Angenähert haben die Parteien sich in der Frage sogenannter Aufnahmezentren, in denen die Union Asylbewerber unterbringen will. Die Grünen können sich solche Sammelstellen vorstellen. Anders als die Union aber wollen sie Schutzsuchende mit guten Bleibeperspektiven zügig aus solchen Sammelunterkünften entlassen und auf Kommunen verteilen. Baden-Württembergs Ministerpräsident Winfried Kretschmann (Grüne) forderte CSU-Politiker am Abend auf, die "pauschalen Angriffe" gegen Grünen-Verhandler einzustellen. "Da muss man jetzt mal endlich Schluss machen", sagte er am Rande der Verhandlungen. Zuvor hatte CSU-Generalsekretär Andreas Scheuer den Grünen eine Blockadehaltung bei den Themen Außenpolitik, Verteidigung und Europa vorgeworfen. Vor allem der Grünen-Politiker Jürgen Trittin habe gefundene Kompromisse wieder aufgekündigt. Angesichts offener Konflikte äußerte Trittin Zweifel, ob die CSU ein Jamaika-Bündnis wolle. Auch die von der FDP gewünschte Abschaffung des Solidaritätszuschlags sei nicht finanzierbar, so Trittin.

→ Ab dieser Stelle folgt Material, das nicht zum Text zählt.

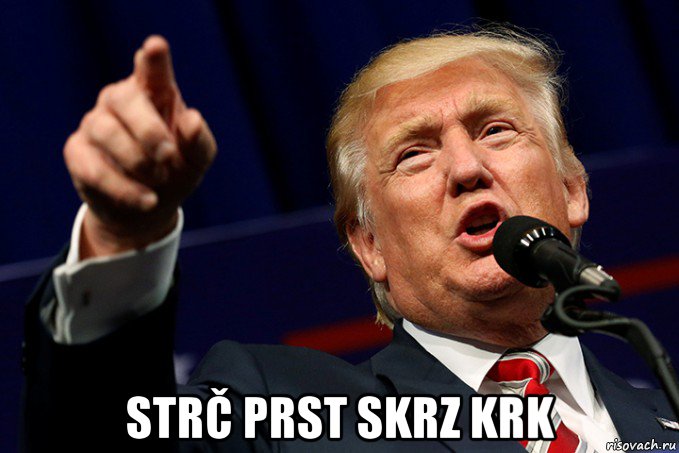  strč prst skrz krk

Einig waren sich die Verhandlungspartner am Mittwochabend über die Förderung ärmerer Familien mit Kindern. So soll der Kinderzuschlag künftig automatisch ausgezahlt und erhöht werden. Verabredet wurde auch die Erhöhung des Schulstarterpakets von 100 auf 153 Euro. Uneins ist man sich beim Thema Verkehr. Union und FDP lehnten es ab, den Kauf umweltfreundlicher Autos durch eine gestaffelte Kfz-Steuer zu fördern. Den Vorschlag der Grünen, Subventionen für Dienstwagen abzuschaffen und Schadstoffbelastung in Städten durch eine blaue Plakette zu senken, wiesen Union und FDP zurück. Beim Thema Landwirtschaft konnte man sich auf eine Stärkung des Tierschutzes verständigen.

Bei der Europapolitik blieben substanzielle Fortschritte aus. Reformvorschläge aus Frankreich, die Euro-Zone mit neuen Kompetenzen zu stärken, entzweien die Verhandler. Henrik Enderlein, Professor am Berliner Jacques-Delors-Institut und Vertrauter von Präsident Emmanuel Macron sprach von einer "großen Enttäuschung, die das Europa-Konzept der Sondierer" in Europa auslöse. "Jamaika duckt sich weg, statt die ausgestreckte Hand Macrons anzunehmen", sagte Enderlein der SZ. Unions-Fraktionschef Volker Kauder (CDU) fügte der Liste an Streitpunkten noch die Außen- und Sicherheitspolitik hinzu. Der Einsatz von Kampfdrohnen ist strittig.